Taking the energy equivalent to 120 marathons, the North Pole expedition, which is expected to take somewhere between 50 and 55 days, is certainly not one for the weak. Mike will be burning up to 9000 calories a day and Clare, 5000.
On February 14, Bandon’s Dr Clare O’Leary will set off on her most challenging and important expedition to date — skiing to the North Pole. This will complete the three Poles for Clare, who says that reaching the North Pole has been a big deal for her over for the last few years; her first attempt at it was in 2012. “I’m looking forward to having a proper go at it,” she says. Clare’s companion on this expedition is fellow adventurer Mike O’Shea, who began his climbing career at the age of 13. The LifeProof Ice Project is an ambitious project by Clare and Mike to walk across all the major ice caps in the world. Clare takes time out of her busy training schedule to speak to Mary O’Brien about the upcoming expedition.
Only 132 people have ever completed the North Pole journey on foot; it is widely regarded as the hardest expedition in the world. Over the last century the sudden melting of the ice has now virtually eliminated the possibilities of ever walking there again. Current conditions in 2014, with the change in the jet stream, have facilitated a good freeze and this may be the last chance for anyone to reach the North Pole on foot. If this expedition is a success, Clare and Mike will be the first people to reach the North Pole in over four years, and the first Irish people in history.

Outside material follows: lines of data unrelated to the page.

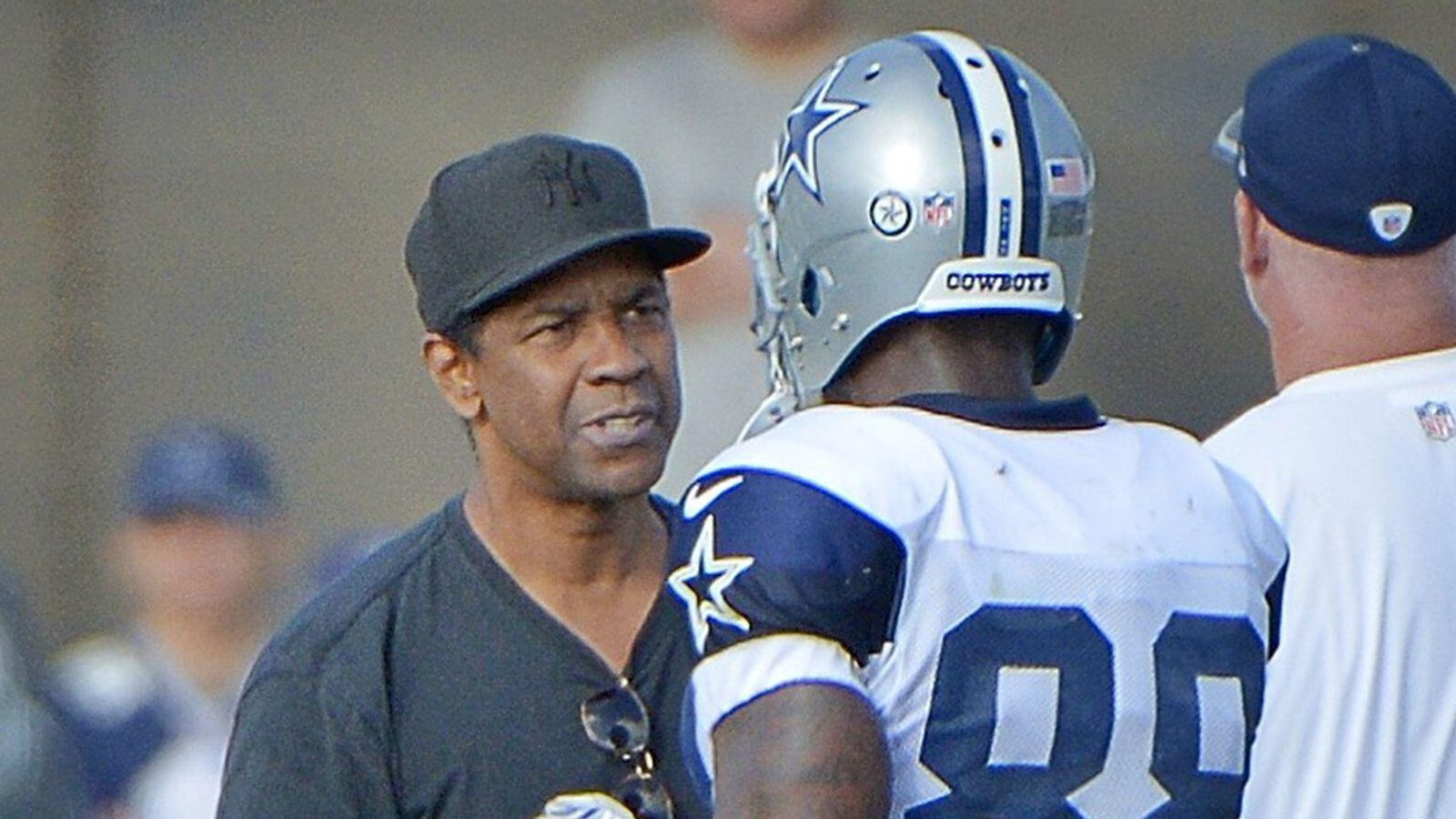 DENZEL WASHINGTON SLAMS DALLAS COWBOYS OWNER JERRY JONES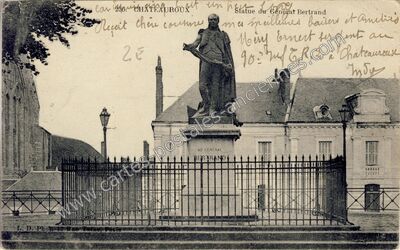 Carte postale ancienne Statue du Général Bertrand — Châteauroux (Indre)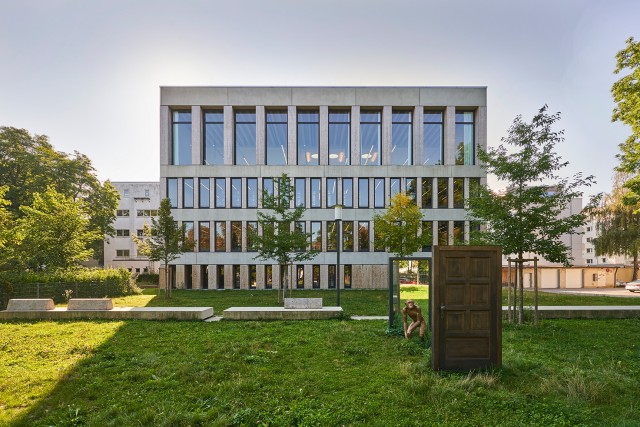 Andreas Meck baute mit Axel Frühauf das Gebäude der Hochschulbibliothek in der Lothstraße 13 (Foto: Julia Bergmeister)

Taking the energy equivalent to 120 marathons, the North Pole expedition, which is expected to take somewhere between 50 and 55 days, is certainly not one for the weak. Mike will be burning up to 9000 calories a day and Clare, 5000 calories. The adventurers have been training for five to six days a week for several months in preparation — pulling sleds and tyres and running and cycling.
Facing temperatures as low as minus 55 degrees Celsius, Clare and Mike will first spend two weeks in Northern Canada to acclimatise. “Everything takes so much longer in that cold,” says Clare. “All the food freezes, so you have to break everything, even chocolate bars, into small pieces to eat.” Clare and Mike will be consuming cereal and protein bars, peanut butter and even butter for energy. “You dread stopping to eat because it’s such an ordeal and you get so cold,” explains Clare.
With only three hours of daylight and one to two hours of twilight at the beginning of the expedition, the team will spend a lot of time in the tent to keep warm. “It gets extremely cold when the sun goes down so you can’t stay out in it,” says Clare “but we have plenty to keep us busy in the tent. It can take three to four hours just to melt enough snow to drink and cook with, things break all the time and need to be fixed, you might use the satellite phone and of course you’re usually too wrecked to stay awake.”
Clare and Tom will set a schedule at the start of each day. As the days go on and daylight increases, the length of time spent skiing daily will vary between four and 12 hours. “We usually stop for a break and to eat every two hours,” says Clare.
Possible dangers faced on the trip are shifting ice, polar bears and frostbite. “The ice is moving all the time so it is a concern at night. I’ve had to move the tent during the night before. You hear loud cracks all the time,” says Clare.
Clare explains that it’s when you stop to eat or put up the tent that you have to be careful of frostbite. “When you’re moving, you’re warm and comfortable. But you have to be constantly aware and watching for frostbite in each other, especially if there’s a wind or your clothes are any way damp. You’re a team and rely on each other.”
The team will carry guns to scare off any polar bears that become threatening.
An accomplished adventurer, Clare initially won the nation’s admiration in 2004 when she became the first-ever Irish woman to reach the 29,035 foot summit of Mount Everest. Since then, her indomitable spirit has led her to stand on the highest point on each of the seven continents in the world and be the first Irish woman to do so. She has climbed Ama Dablam’ in the Himalayas, skied across the Greenland Iceland cap and skied to the South Pole. As part of the Ice Project, she has crossed the North Patagonia Ice Cap and Lake Baikal in Siberia. She will have completed the three poles if the North Pole Expedition is a success.
This inspiring West Cork woman also manages to fit her busy training schedule and expeditions alongside a career as a consultant Gastroenterologist. She is a patron of Cork University Hospital Charity, and in December was honoured in her native Bandon, County Cork by having a walkway named after her. In 2012 Clare was named as one of Ireland’s Top 25 Most Powerful Women and awarded the Trailblazer Award by the Women’s Executive Network.
Hopefully after a successful North Pole expedition, next up in the Ice Project for the resolute Clare and Mike is the Iceland Ice Cap (Europe’s largest icecap), followed by the South Patagonian Ice Cap (only completed a handful of times).
The couple aim to traverse Antarctica on foot in 2015 (only completed by three persons), complete the Greenland Crossing (biggest melt happened in 2012 with 97 per cent of surface covered with meltwater) and finally the project will culminate with the Crossing of South Georgia on the Centenary year, 2016, accompanied by family members of the original men who did the crossing, three of whom were Irish — Ernest Shackleton, Tom Crean, Tim McCarthy.